Durante aquele concerto em Buenos Aires, Domingo e Iacono cantaram uma parte de “Cartas Marcadas”, uma ópera que Iacono, Mendelievich, González e Krawczyk escreveram juntos com base em um livro de Percowicz, fundador e líder da Escola de Yoga de Buenos Aires.
Os encontros sexuais eram apresentados aos membros como uma forma de “cura” e ofereciam um caminho para escalar os sete níveis da hierarquia estrita da escola que tinha Percowicz no topo, de acordo com documentos de acusação.

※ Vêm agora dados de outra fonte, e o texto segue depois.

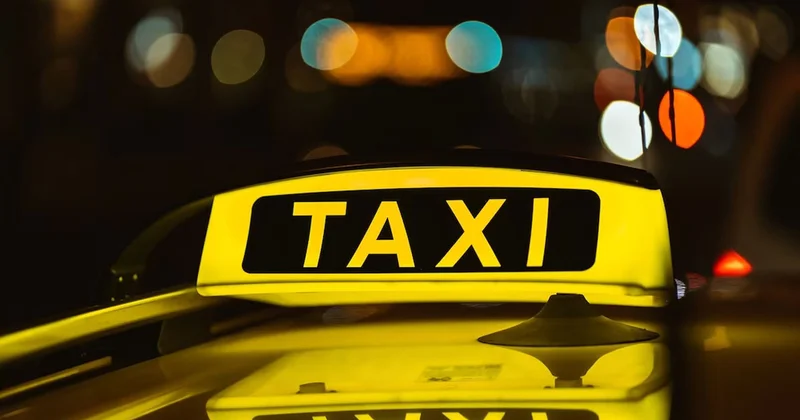 Antiinhisar: Aeroportda taksi probleminin hüquqi tərəfləri qiymətləndirilir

Ex-membros entrevistados pela AP dizem que Percowicz era conhecido como “El Maestro”. Outros classificados no sétimo nível foram Iacono, Krawczyk e Mendelievich, segundo documentos dos promotores. Uma fonte judicial diz ter visto documentos que mostram que González estava no alto escalão da organização antes de morrer. Krawczyk estava entre os presos.
Para avançar rapidamente, os membros também podem doar dinheiro e assinar ativos. O grupo faturava cerca de meio milhão de dólares por mês, segundo um funcionário judicial.
Os membros do culto incluíam advogados e contadores que aconselhavam líderes em uma complexa rede de lavagem de dinheiro que incluía iniciar negócios e comprar imóveis na Argentina e nos Estados Unidos, disseram os documentos investigativos.
Os membros também supostamente venderam tratamentos médicos para várias doenças, incluindo AIDS e dependência de drogas, que envolviam “curas do sono”, o que significava essencialmente dar às pessoas drogas para ajudá-las a dormir por dias a fio. As autoridades dizem que os tratamentos pseudomédicos também foram feitos nos Estados Unidos, onde a clínica do grupo CMI Abasto, tinha filiais.
Onde obter ajuda:
0800 842 846
0800 88 33 00
Educação para prevenção de estupro
Ligue 24/7 (Auckland): 09 623 1700, (Wellington): seja 04 801 6655 – 0
: uma linha de apoio confidencial 24 horas por dia, 7 dias por semana, para sobreviventes, pessoas de apoio e pessoas com comportamento sexual prejudicial: 0800044334.
– Suporte de pares Tiaki Tangata para homens que sofreram trauma e abuso sexual: 0800 94 22 94
Se for uma emergência e você sentir que você ou outra pessoa está em risco, ligue para o 111.